Contrary to the Supreme Court's holding in this case in which it granted IBM's motion for summary judgment, IBM was not alleged to have breached fiduciary duties in the underlying Cooper action. There is no dispute in this case that under Lockheed Corp. v. Spink, 517 U.S. 882, 890, 116 S.Ct. 1783, 135 L.Ed.2d 153 [1996] [holding that (p)lan sponsors (1) who alter the terms of a plan do not fall into the category of fiduciaries”], IBM was not acting as an ERISA fiduciary in taking the actions that gave rise to the allegations in the Cooper suit. A straightforward reading of the initial language of the first prong of the Wrongful Act definition is that it covers violations of ERISA by an insured acting in its capacity as an ERISA fiduciary. As such, the actions alleged in the Cooper suit are not covered by the Zurich policy.

The definition of Wrongful Act in the Zurich policy explicitly refers to ERISA and specifically to duties imposed on fiduciaries by ERISA. Therefore the only reasonable approach to determining whether the disputed language in the policy requires the coverage demanded by IBM in this action is to determine whether or not IBM was acting in its capacity as an ERISA fiduciary in amending the plans. Under Lockheed, IBM was acting as a plan settlor and not as a fiduciary when it made the changes to the benefit plans that allegedly violated ERISA. The policy language is clear that coverage requires that the insured be acting in its capacity as an ERISA fiduciary in committing the alleged ERISA violation. We conclude that the average insured would reasonably interpret the disputed language in the definition of Wrongful Act to mean that coverage is limited to acts of an insured undertaken in its capacity as an ERISA fiduciary.

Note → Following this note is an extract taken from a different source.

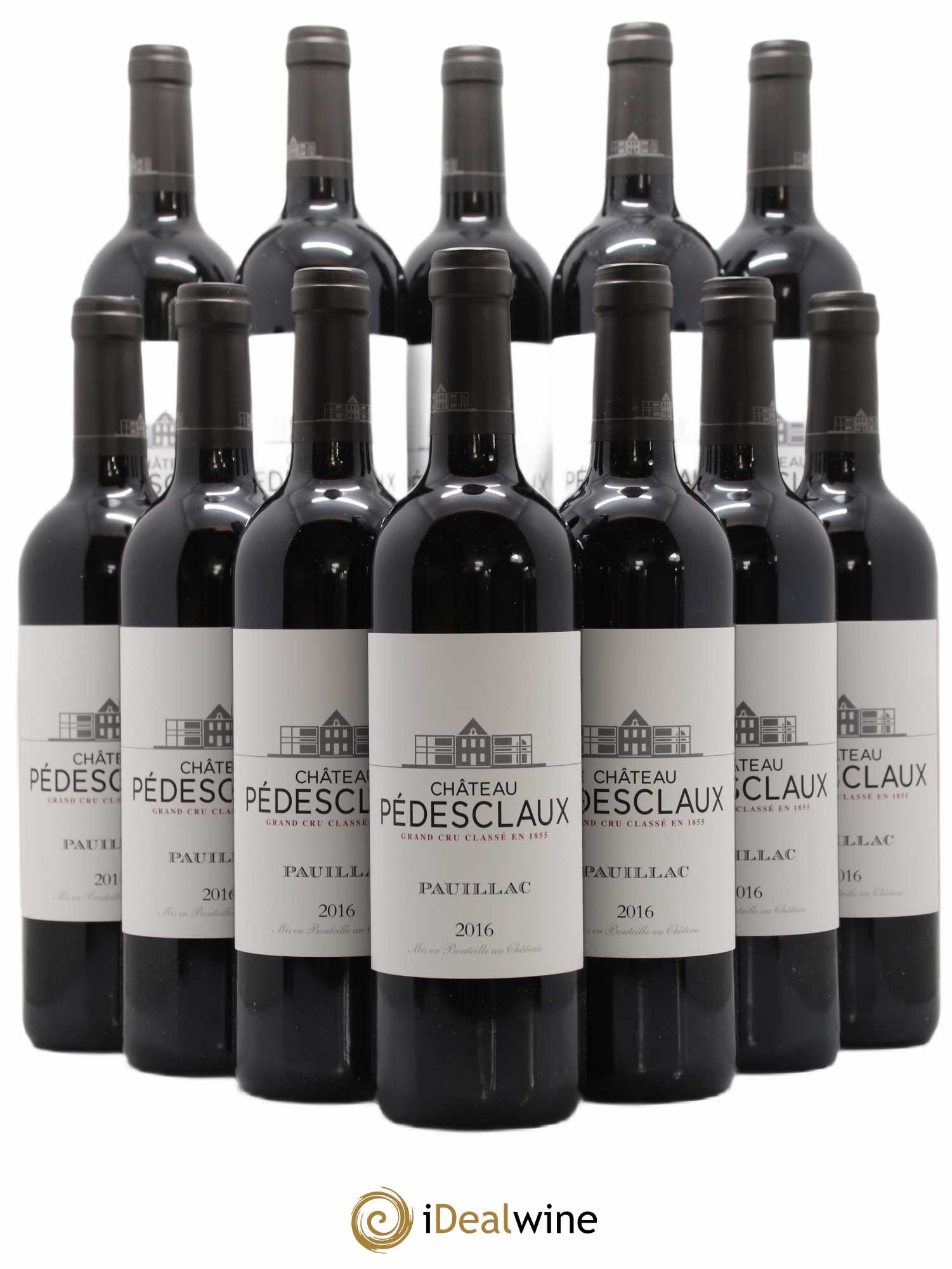 Château Pedesclaux 5ème Grand Cru Classé 2016 - Lot de 12 bouteilles - 0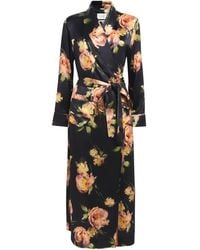 Harrods - Silk Midnight Rose Night Robe - Lyst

We have considered and reject IBM's contentions to the contrary, certain of which we specifically address as follows. IBM maintains that the term “fiduciary” is undefined in the Zurich policy and therefore must be given its plain, ordinary meaning, which differs from the definition provided in ERISA. This argument appears to stem from the rule that [t]he language employed in the contract of insurance must be given its ordinary meaning, such as the average policyholder of ordinary intelligence, as well as the insurer, would attach to it” ( Morgan v. Greater N.Y. Taxpayers Mut. Ins. Assn., 305 N.Y. 243, 248, 112 N.E.2d 273 [1953] [internal quotation marks and citation omitted] ). Under IBM's reading of the policy, there is no requirement that the insured must have been acting in its capacity as an ERISA fiduciary in order for an act to be considered a Wrongful Act because the ordinary, plain meaning of the term “fiduciary” is not equivalent to the “artificial” definition of the term that appears in ERISA 2 ( see Mertens v. Hewitt Associates, 508 U.S. 248, 255 n. 5, 113 S.Ct. 2063, 124 L.Ed.2d 161 [1993] [describing ERISA's definition of fiduciary as “artificial”] ). IBM maintains that because it is alleged in the Cooper action to have violated certain ERISA provisions and because IBM is a fiduciary of the benefit plans (based on the plain meaning of the term),3 the actions alleged in the Cooper action are covered and therefore IBM is entitled to recover the attorneys' fees from Federal. In other words, IBM's actions would be covered by virtue of the fact that it was an insured and a plan fiduciary that allegedly violated certain ERISA provisions, regardless of the fact that, if the allegations are correct, it undoubtedly did so in its capacity as a plan settlor and not in its capacity as an ERISA fiduciary.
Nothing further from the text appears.